Final-offer arbitration is a specific type of arbitration in which the parties in conflict are required to submit a final offer, and an arbitrator chooses one of the two offers; there is no splitting the difference. As a high-profile example, Major League Baseball uses this type of arbitration in labor disputes between players and owners.
“The breadth of cases settled by arbitration is rapidly expanding,” said Cary Deck, associate professor of economics in the Sam M. Walton College of Business. “There are good reasons for this. As an alternative to civil litigation, the benefits of arbitration include quicker resolution and substantial savings in time and money. But there really aren’t any standards for how to go about arbitration. This fact, coupled with the increasing reliance on arbitration in practice, necessitates an understanding of the strategies and incentives that the various forms of arbitration may generate.”
Deck and Amy Farmer, professor of economics in the Walton College, conducted theoretical and controlled laboratory experiments on several final-offer-arbitration scenarios having to do with the timing of offers and when or if disputants observe each other’s offer. As Deck mentioned, the researchers also examined the extent to which the variables of timing and disclosure influenced how much time, money and effort to invest in a case and what kind of offer to make. Some of their findings – most notably that the sharing of bids early in the process, prior to investment, most likely will lead to a mutually optimal settlement – clash with popular arbitration strategies.
“We found that when disputants placed publicly observable bids prior to investing, those bids were less extreme and therefore more moderate, or closer together,” Deck said. “In other words, the parties operated with considerable information about the opposition’s case. So there may be a spirit of cooperation or accountability to reach a mutually acceptable agreement.

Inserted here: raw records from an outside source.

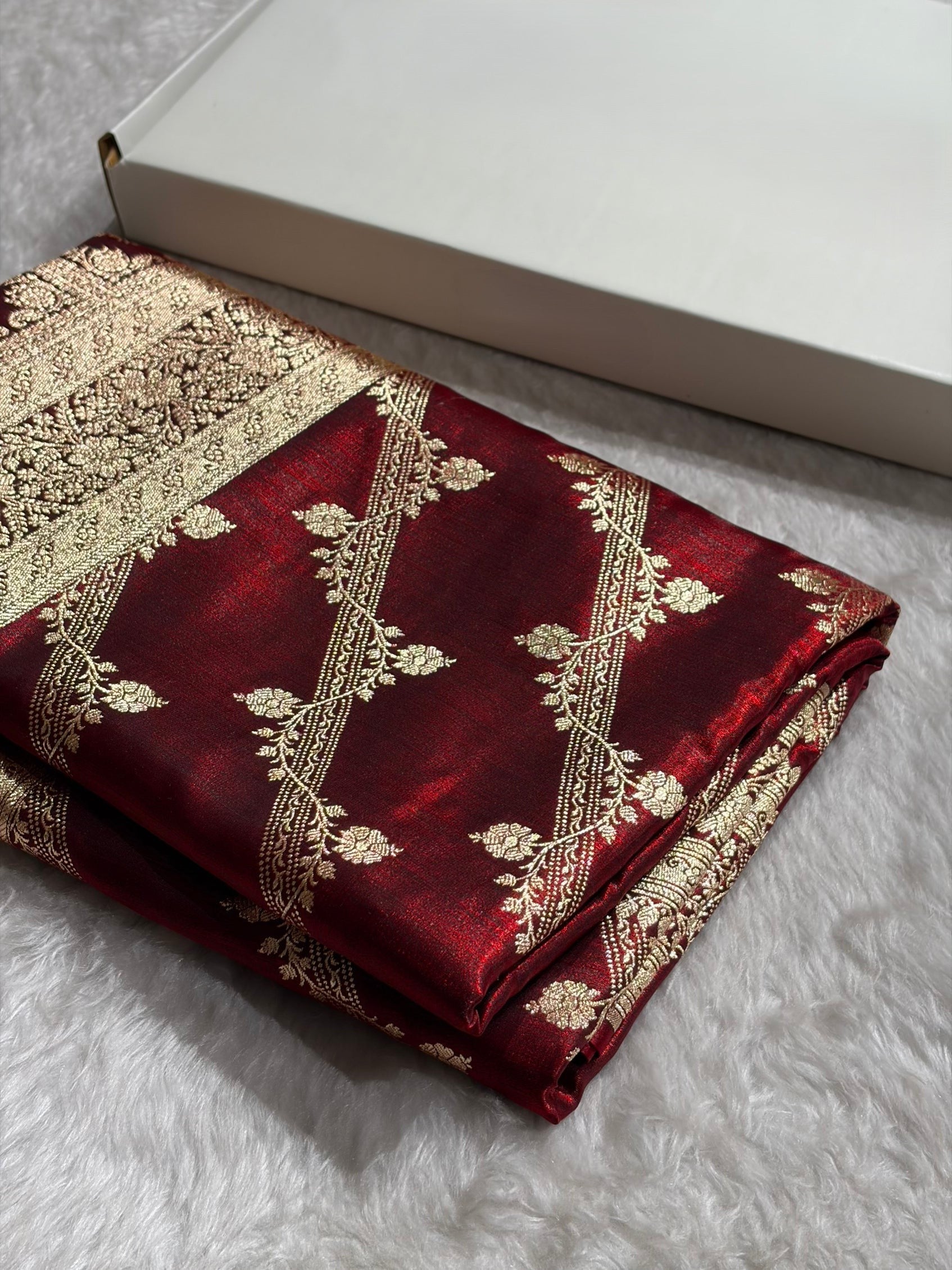 Cross Pattern Banarasi Satin Silk Saree in Maroon | Premium Jacquard Weave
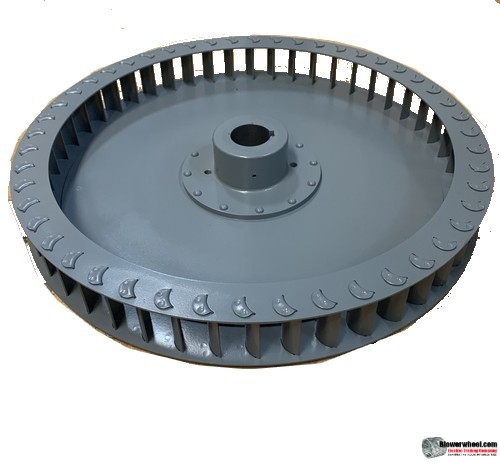 Single Inlet Steel Blower Wheel 18-5/8" D 2.32" outer Width- 2in blade width 1-5/8" Bore-Clockwise  rotation- with inside hub SKU: 18200211-120-HD-S-CW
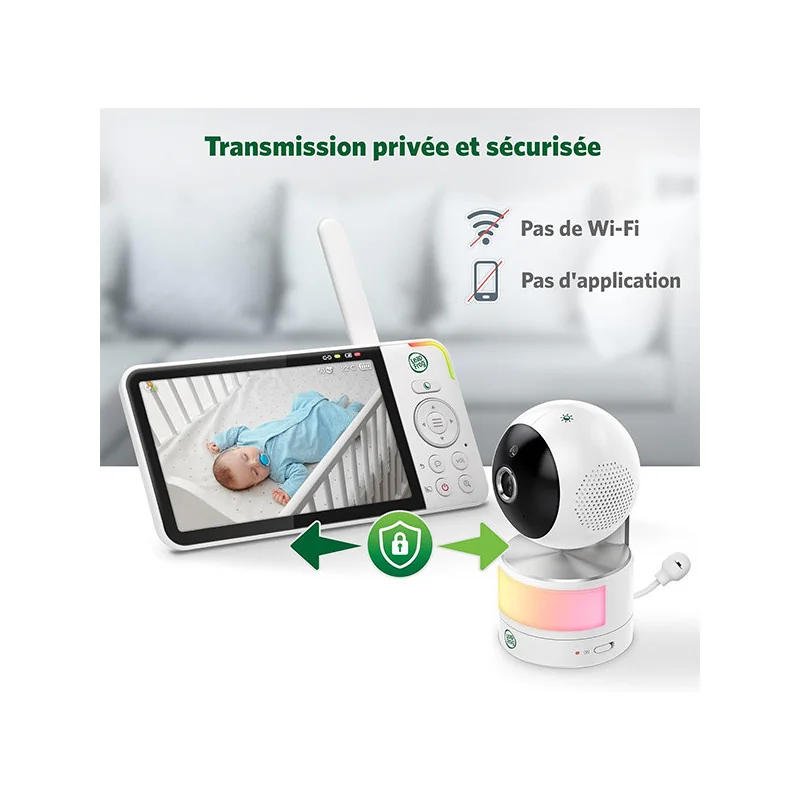 Babyphone panoramique/inclinable avec écran LCD HD 720p 5" Blanc LEAPFROG - Dès la naissance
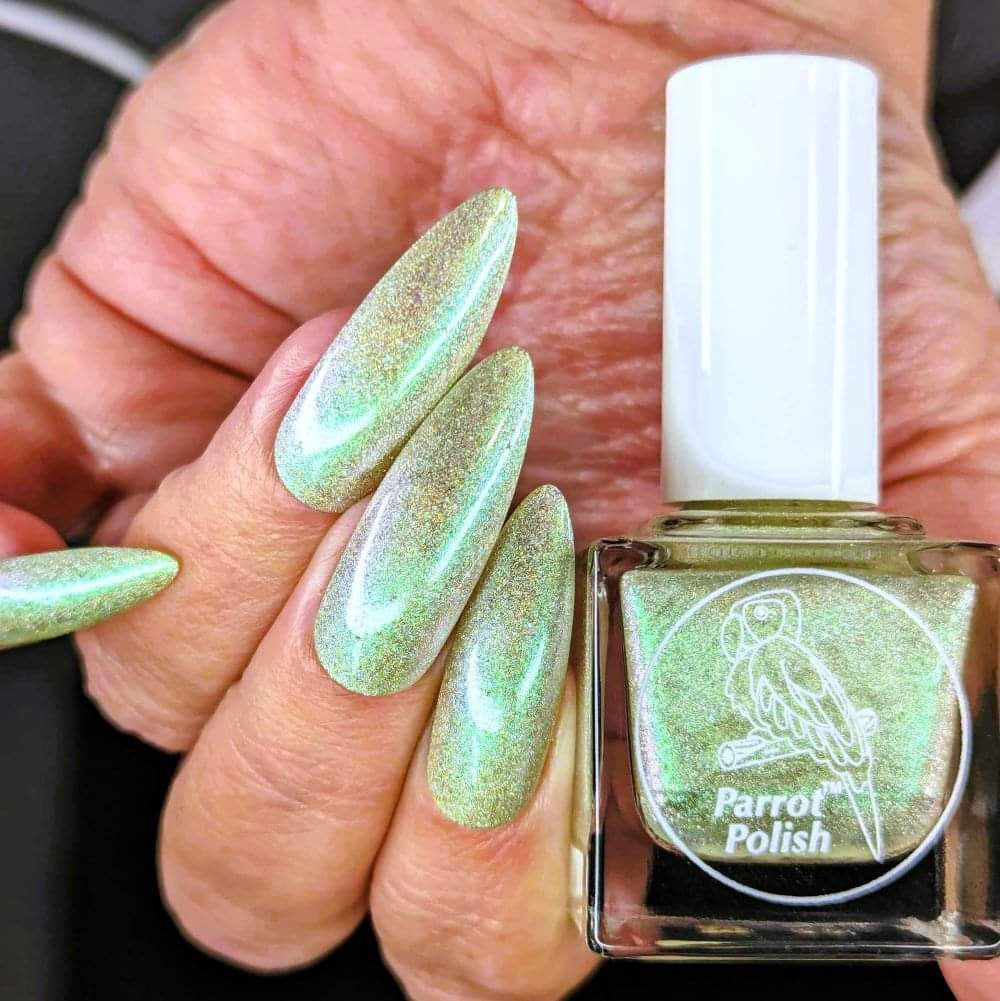 Parrot Polish "Believe" 2024 Spring  Green/Silver Ultrachrome Holographic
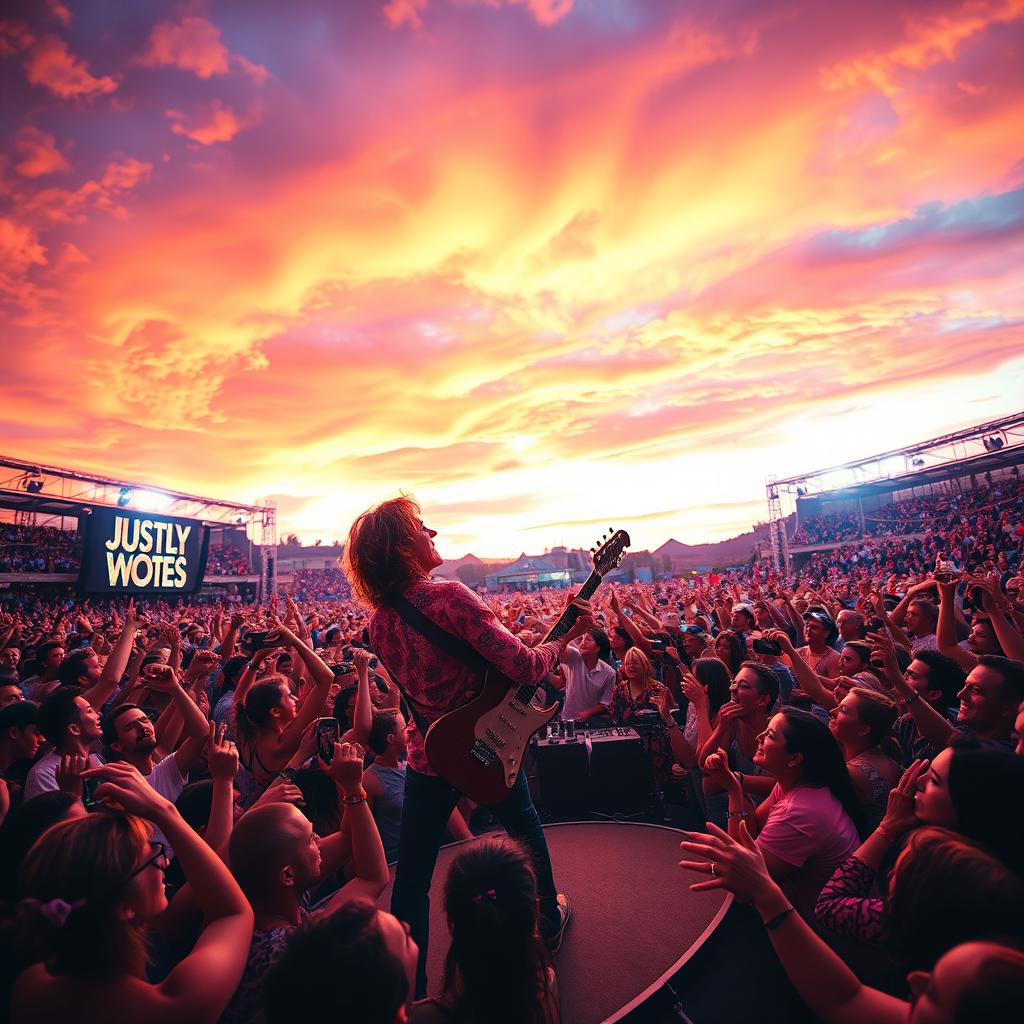 A powerful and inspiring scene of a vibrant, colorful concert in an outdoor arena, where a band is passionately performing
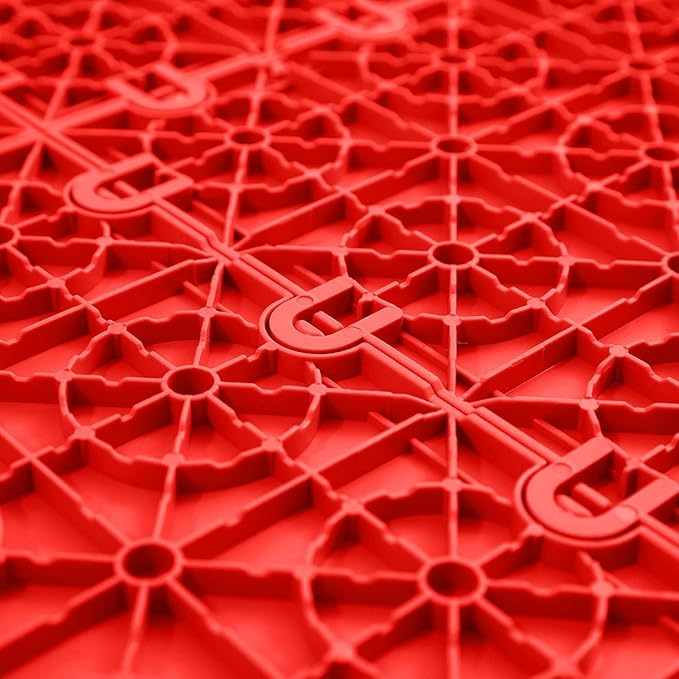 FlooringInc's Nitro 12"x12" Snap-Together Garage Flooring Tiles, Non-Slip Interlocking Plastic Floor Mat, Garage Organization & Storage, Coin Pattern, Victory Red, 12 Tiles, 12 Sq/Ft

One might not be surprised that making strategies public will enhance cooperation.”
In theoretical tests, the researchers developed four arbitration scenarios: Invest Public, Bid Public, Bid Private and Invest Private. In Invest Public, investments (time, money and effort devoted to building a case) were made and observed by both parties prior to the submission of final offers. Bid Public described a situation in which investments were made after the submission of final offers that were observable by both participants. In Bid Private, investments were made after the submission of final offers that were sealed or otherwise not observable to the parties. Finally, Invest Private was a situation in which bids were made after unobservable investments.
In addition the main finding – that publicly observable bids prior to investing were less extreme – laboratory experiments on three of the four theoretical scenarios produced these results:
-- Investments were lower than predicted in all three cases.
-- Bid Private offers were more extreme, or aggressive, than Bid Public offers.
-- Settlement rates were nominally highest (60 percent) in Bid Public and nominally lowest (53 percent) in Bid Private.
The researchers’ study will appear in a forthcoming issue of Journal of Economic Behavior and Organization.